The impeachment of Andrew Johnson involved complicated issues of law, politics, and personalities. At its heart lay the nearly irreparable relations between President Johnson and Congress over which agency of government should oversee Reconstruction. This question of competing authority masked, however, a more fundamental issue: Congress had instructed the U.S. Army to implement a policy that its commander in chief vehemently opposed. In direct violation of congressional intent and the Command of Army Act, Johnson had used the summer of 1867, when Congress was not in session, to remove several military commanders in favor of officers more supportive of white rule in the South. Later, he tried to create an "Army of the Atlantic," headquartered in the nation's capital, as a means of intimidating his opponents in Congress. Seeing that Johnson was using the Army to play politics and thus endangering the lives of soldiers in the field, Grant turned against the President.
The principal issue was Johnson's loss of support within the majority congressional party. Almost all Republicans agreed that Johnson was totally unfit for office. Republicans felt that Johnson had disgraced the government and the party and abdicated the moral high ground that the Union and Republicans had won in the war.

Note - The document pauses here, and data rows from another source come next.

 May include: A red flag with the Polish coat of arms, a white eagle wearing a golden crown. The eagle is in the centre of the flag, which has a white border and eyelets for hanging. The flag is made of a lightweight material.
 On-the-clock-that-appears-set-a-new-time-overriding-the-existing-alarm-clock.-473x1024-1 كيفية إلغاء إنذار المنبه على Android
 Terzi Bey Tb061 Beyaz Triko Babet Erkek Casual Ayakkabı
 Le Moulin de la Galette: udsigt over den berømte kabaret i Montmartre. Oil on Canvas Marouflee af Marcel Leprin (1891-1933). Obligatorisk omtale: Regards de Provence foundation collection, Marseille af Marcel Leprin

But these were not clearly impeachable offenses, and this uncertainty worked in the President’s favor. Also, because no vice president had been elected after Johnson's ascent to the presidency, his successor would have been Benjamin Wade, president pro tem of the Senate, an extreme radical on Reconstruction and a soft-money, pro-labor politician feared by many Northern businessmen. With Senator Wade in the wings, many Johnson opponents were hesitant about voting to convict, especially those who thought that if Wade assumed the presidency, he might try for the nomination in 1868, thus blocking General Grant. Also, Chief Justice Chase refused to allow deviation from the charges to discuss or include broader issues of policy.
Many Senate Republicans had decided to make it a close vote but not a conviction.

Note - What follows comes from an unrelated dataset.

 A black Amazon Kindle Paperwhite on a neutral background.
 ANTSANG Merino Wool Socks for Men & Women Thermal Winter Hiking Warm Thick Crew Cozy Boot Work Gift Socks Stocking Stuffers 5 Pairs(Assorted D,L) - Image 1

In the end, the seven Republicans who voted to acquit—most of them supporters of Grant—were silently supported by their moderate party colleagues. Many Senate Republicans had decided to make it a close vote but not a conviction, especially once it became clear that if Johnson was acquitted, he was prepared to cease his obstructionist ways for the rest of his term and stop his interference with Reconstruction and with the military commanders and the War Department.
The final vote maintained the principle that Congress should not remove the President from office simply because its members disagreed with him over policy, style, and administration of office. But it did not mean that the President retained governing power. For the rest of his term, Johnson was a cipher without influence on public policy. Moreover, between his presidency and the turn of the century, a "weak presidency" system of governance was instituted, one which Woodrow Wilson referred to in the 1870s as "Congressional Government" because after the Johnson collapse, the country was really run by congressional committee leaders and cabinet secretaries.